**DATASET CONTENT**.

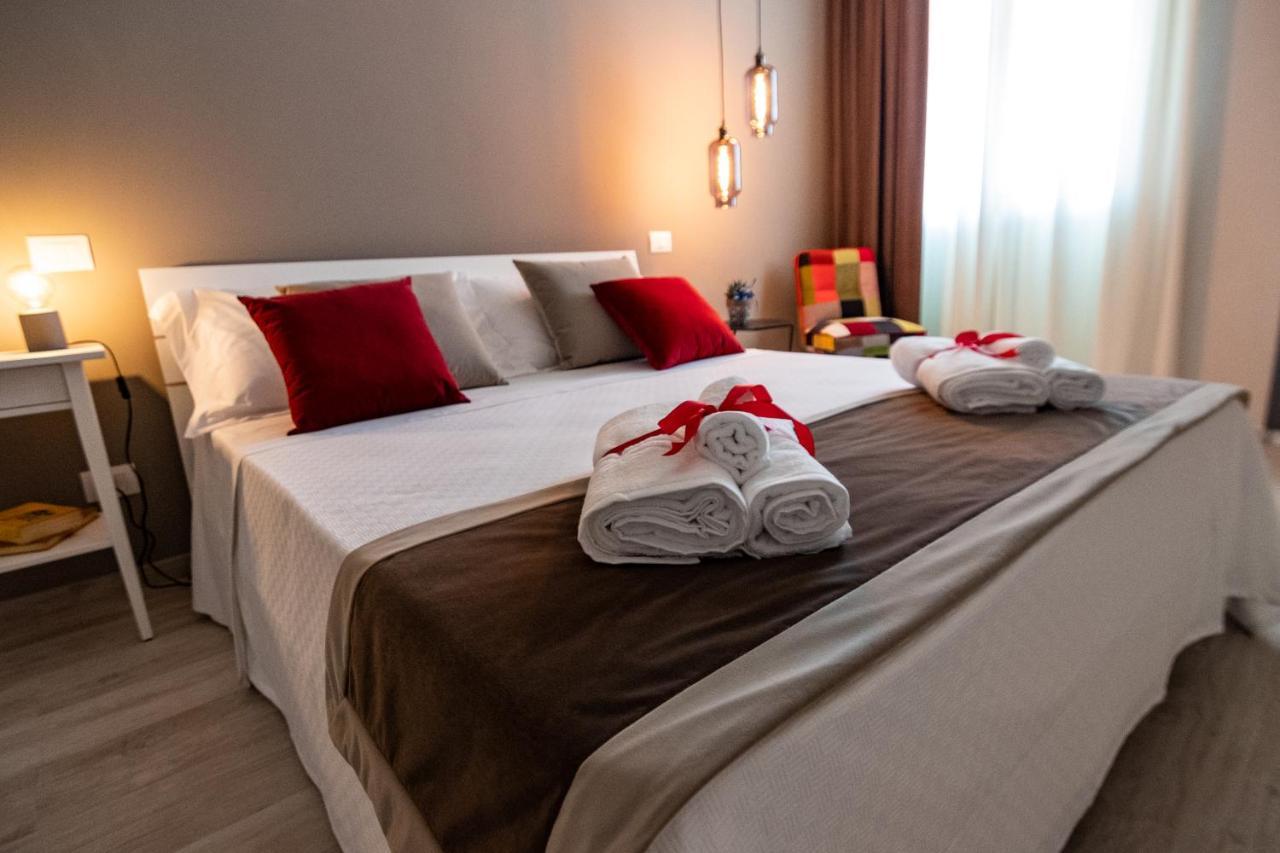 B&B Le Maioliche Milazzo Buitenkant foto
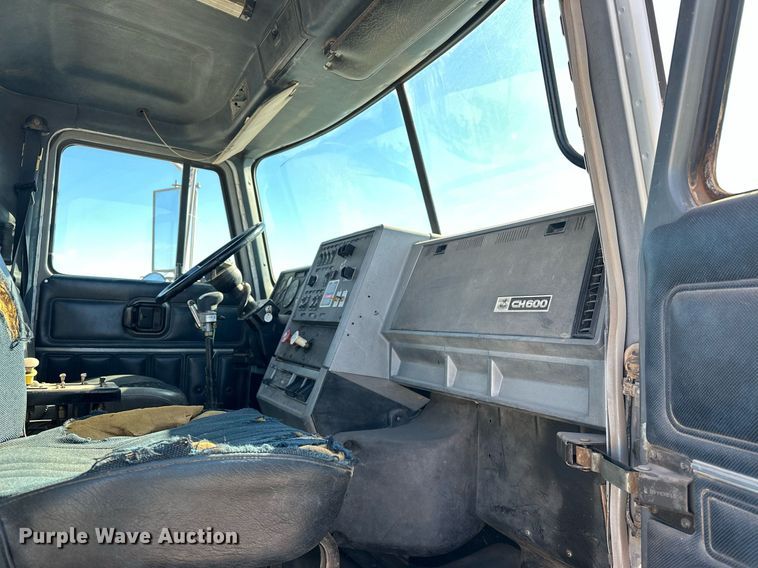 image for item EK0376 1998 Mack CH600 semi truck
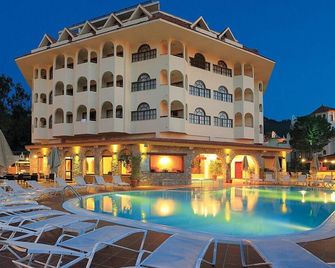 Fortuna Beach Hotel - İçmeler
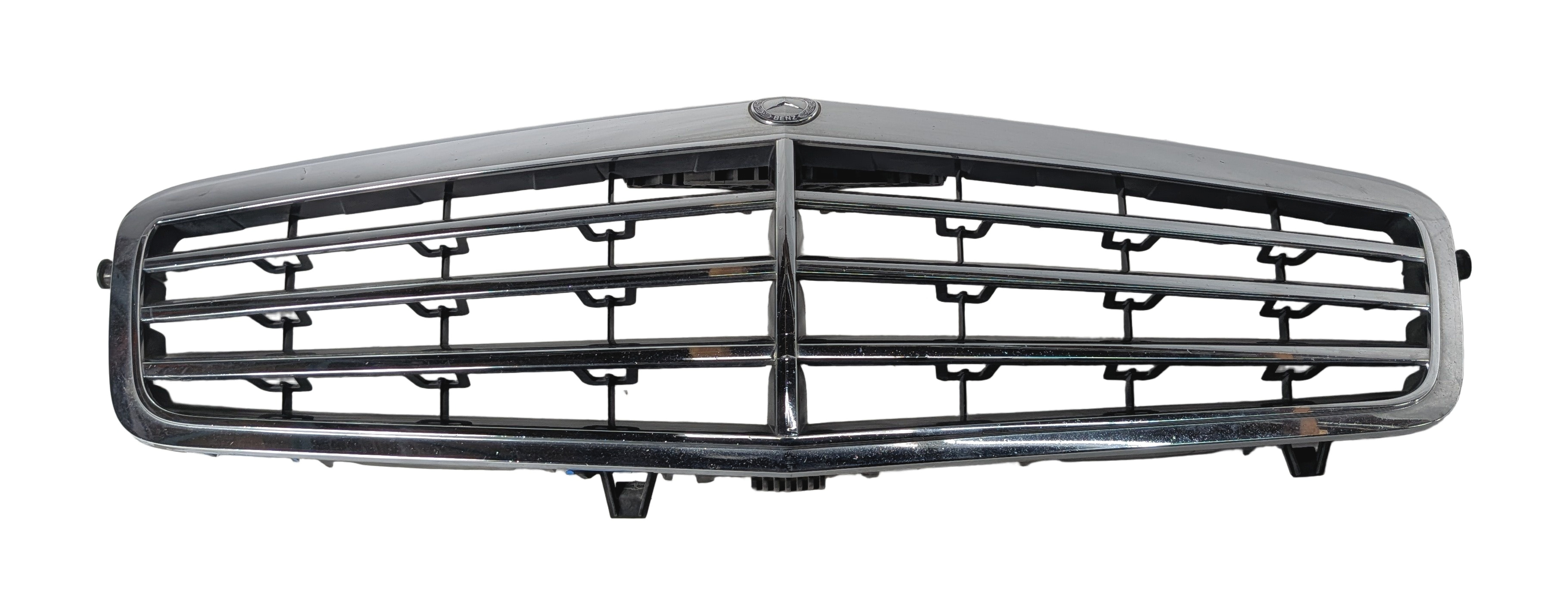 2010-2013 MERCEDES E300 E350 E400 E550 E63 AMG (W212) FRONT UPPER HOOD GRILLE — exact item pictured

**ACTIVITY**.
The pictures should be dropped, and every line above should be set down again exactly.

**ANSWER SECTION**.
 B&B Le Maioliche Milazzo Buitenkant foto
 image for item EK0376 1998 Mack CH600 semi truck
 Fortuna Beach Hotel - İçmeler
 2010-2013 MERCEDES E300 E350 E400 E550 E63 AMG (W212) FRONT UPPER HOOD GRILLE — exact item pictured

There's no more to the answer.